Lastly, Neil, just remind me how many of those 92 patients are French or in France?

Yes. Approximately 30 patients is what has been consistent over a number of years in the French EAP program. It's remained the same.

This concludes the Q&A portion of today's call. I'll now turn it back over to Neil for closing remarks.

Thank you all for joining us today. Sorry, operator, are you still there? It looks like we have one more person in the queue.

We'll next go to Jason Butler with Citizens.

Could you provide some insights on the number of patients who have submitted an enrollment form but have not yet received the reimbursed drug? Specifically, has that number remained stable on a quarter-over-quarter basis, or have you noticed a decrease? Additionally, is the timeframe from submitting an enrollment form to receiving the reimbursed drug stable, or have there been any changes in that regard?

Yes. We are still in the active phase of launch, Jason, but it's a really good question that I'll ask Josh to hone in on. The pull-through of patients to paid drug, I am incredibly impressed with the team. And then also in regards to as we get new enrollments in and then are able to move through that reimbursement process, the team is doing an outstanding job. So Josh?

Yes, Jason, thank you for that question. We're very proud of what we're seeing. The number of patients receiving a paid drug is very high. Some patients may start with a period of free drug while we assess their benefits, which might last for about 30 days. During this time, they may not transition to paid patients immediately. Therefore, at any moment, we could have patients in the free goods program who are then moved to paid status in the following month. It's challenging to provide precise numbers, but I can assure you that the majority do end up getting paid. Regarding your second question about the time from enrollment to receiving a paid dispense, we've seen that period decrease significantly since the launch. This improvement is largely due to our team's execution and payers recognizing the strength of MIPLYFFA data and its benefits for patients. Consequently, the timeframe has decreased from months to weeks, and we have even seen some patients get processed within 24 hours. We're really pleased with this progress.

Got it. And then just a quick follow-up for LaDuane on the gross to net point. Is this reestimation or true-up something that we should expect to happen on a seasonal basis, an annual basis? Or just how should we think about the stability of the gross to net moving forward?
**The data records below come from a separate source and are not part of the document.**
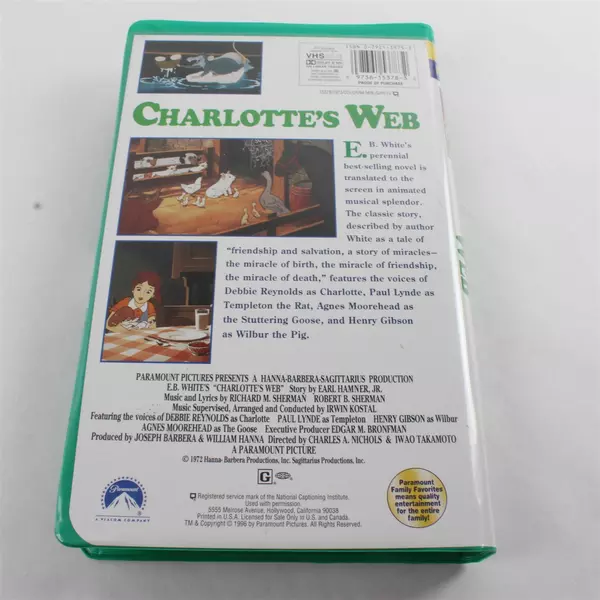 Charlotte's Web VHS Video Tape Classic Hanna Barbera Movie Clamshell Case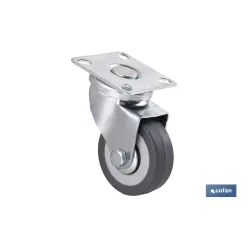 RUEDA GOMA/GRIS PLACA Ø50X18MM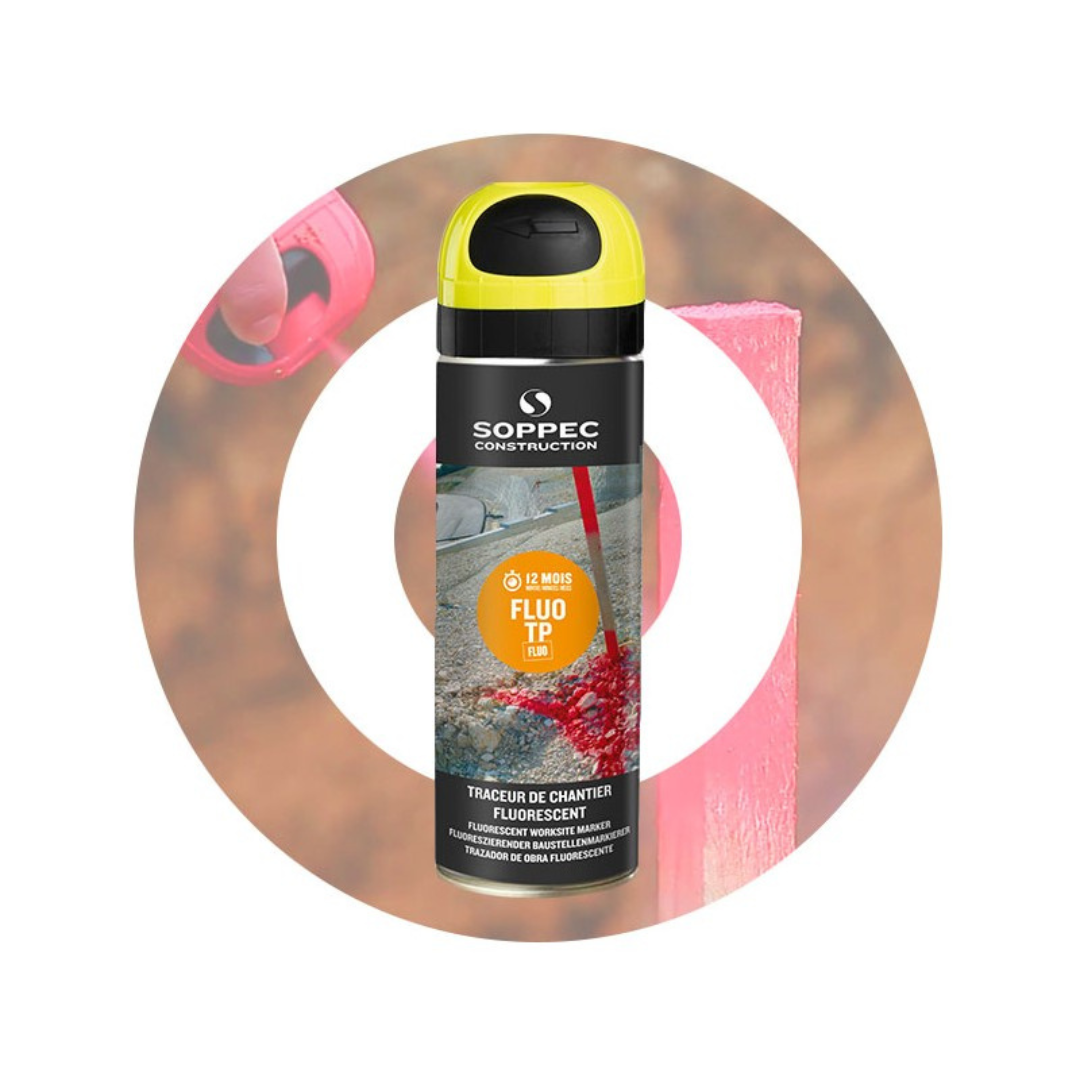 outils de chantier pour bien organiser la pose : traceur fluo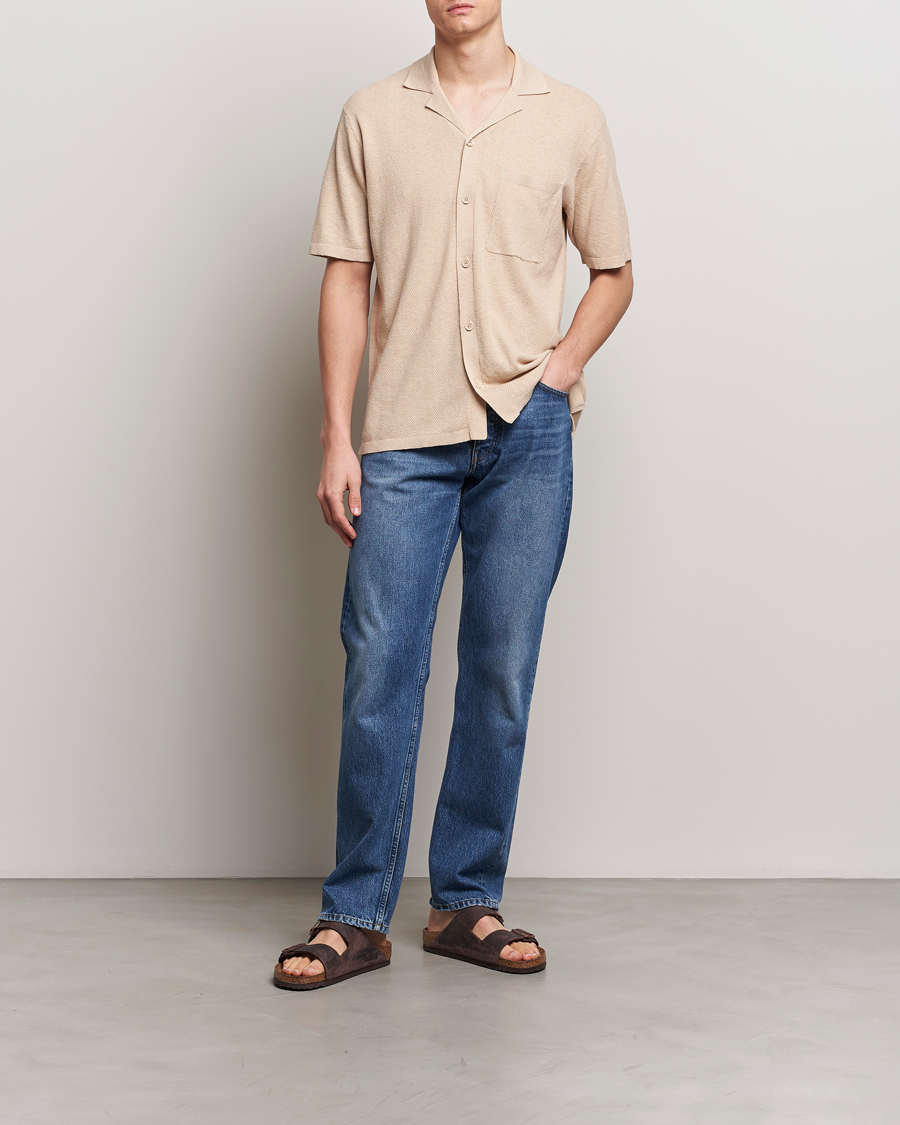 Heren | Overhemden | A Day's March | Yamu Knitted Herringbone Shirt Oyster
Yes, the specific adjustment was due to the redesign of Medicare Part D that arose from recent administrative changes, including the Inflation Reduction Act. This is something we can consider resolved now. It's important to note that this change involved adjustments to rebates for catastrophic coverage. MIPLYFFA, being a high-cost rare disease drug, qualifies for catastrophic coverage under Medicare more quickly. Two key adjustments were made: the threshold to reach catastrophic coverage was lowered, and the rebate increased from 9% to 20%. This adjustment is now incorporated into our future estimates. However, regarding gross to net, we typically do not delve into details unless they significantly impact a quarter, but other adjustments may occur going forward. The payer mix can shift, especially early in the launch, and we anticipate ongoing changes in various dynamics. Therefore, changes to gross to net are likely to be a regular aspect of our operations as a commercial entity. For now, this specific item has been finalized and is reflected in our calculations.

I am showing no further questions at this time.

Thank you, operator, and thanks, everybody, for joining us today. We look forward to discussing our year-end and Q4 data with you in the coming year.

Thank you. This brings us to the end of today's meeting. We appreciate your time and patience. You may now disconnect. Thank you.